WINSTON-SALEM — The Wake Forest football team was tested for the first time this season Saturday.
And it passed with flying colors.
After beating their first four opponents by 20 points or more, the 24th-ranked Deacons didn’t flinch after letting a pair of fourth quarter leads slip away. Instead, they put together a clutch 60-yard, 11-play drive that yielded Nick Sciba’s third field goal of the game and a 37-34 victory against Louisville at Truist Field.
Quarterback Sam Hartman threw for 324 yards and two touchdowns, while freshman Justice Ellison rushed for 41 of his 67 yards during the decisive final three minutes to lead Wake to only its second 5-0 start in the past 15 years.
“It felt like a heavyweight fight that whoever could survive the last punch would come back,” Deacons coach Dave Clawson said after his team improved to 3-0 in the ACC for the first time since 2011. “We played hard for 60 minutes. We never stopped competing. I’m really proud of Sam and our offense, and everytime (Louisville) scored they responded.”

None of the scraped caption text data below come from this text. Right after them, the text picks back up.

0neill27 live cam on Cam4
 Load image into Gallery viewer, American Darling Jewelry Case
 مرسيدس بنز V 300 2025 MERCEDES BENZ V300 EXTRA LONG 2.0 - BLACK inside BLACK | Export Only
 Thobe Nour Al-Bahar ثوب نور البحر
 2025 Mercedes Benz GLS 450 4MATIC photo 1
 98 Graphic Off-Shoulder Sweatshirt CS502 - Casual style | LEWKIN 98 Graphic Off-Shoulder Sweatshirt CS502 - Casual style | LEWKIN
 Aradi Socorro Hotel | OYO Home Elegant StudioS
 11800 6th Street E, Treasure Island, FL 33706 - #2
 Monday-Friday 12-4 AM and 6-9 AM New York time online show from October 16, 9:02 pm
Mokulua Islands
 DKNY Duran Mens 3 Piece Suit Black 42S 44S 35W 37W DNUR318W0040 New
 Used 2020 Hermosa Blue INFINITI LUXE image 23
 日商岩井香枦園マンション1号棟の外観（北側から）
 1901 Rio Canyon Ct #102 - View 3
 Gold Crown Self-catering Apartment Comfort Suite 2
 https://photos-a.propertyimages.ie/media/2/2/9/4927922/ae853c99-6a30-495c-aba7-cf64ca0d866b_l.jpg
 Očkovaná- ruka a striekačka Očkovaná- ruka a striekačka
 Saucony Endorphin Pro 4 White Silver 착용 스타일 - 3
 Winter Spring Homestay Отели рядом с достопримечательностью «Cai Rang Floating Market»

The first of those responses came early in the final period after the Cardinals (3-2, 1-1 ACC) scored 10 unanswered points to knot the game at 27.
Hartman, bouncing back from an interception that set up the tying field goal, led Wake right back down the field — converting two key third downs before buying time with his legs and hitting A.T. Perry in the corner of the end zone for a touchdown with 3:52 remaining.
But the lead didn’t last long.
One play after Louisville nearly turned the ball over with a fumble it recovered on its own 25, quarterback Malik Cunningham connected with Tyler Harrell for a 75-yard score that got the Cardinals even and put the pressure back onto Hartman and the Deacons.
Not that it seemed to bother them.
“We expect the ‘worst’ to happen in each situation so we’re ready,” Hartman said. “You never want to say that the game is over against a team like Louisville and a quarterback like Cunningham.”
Cunningham threw for two touchdowns and ran for two more while accounting for 378 of his team’s 540 total yards. Hartman was just as productive, completing 23 of his 39 passes and running for 35 yards and a touchdown.
As was the case on the previous possession, Wake’s redshirt sophomore leader kept the final drive going with a big third down conversion. He then began working the clock by mixing Ellison’s runs with a series of short passes that milked the clock and forced the Cardinals to burn all three of their timeouts.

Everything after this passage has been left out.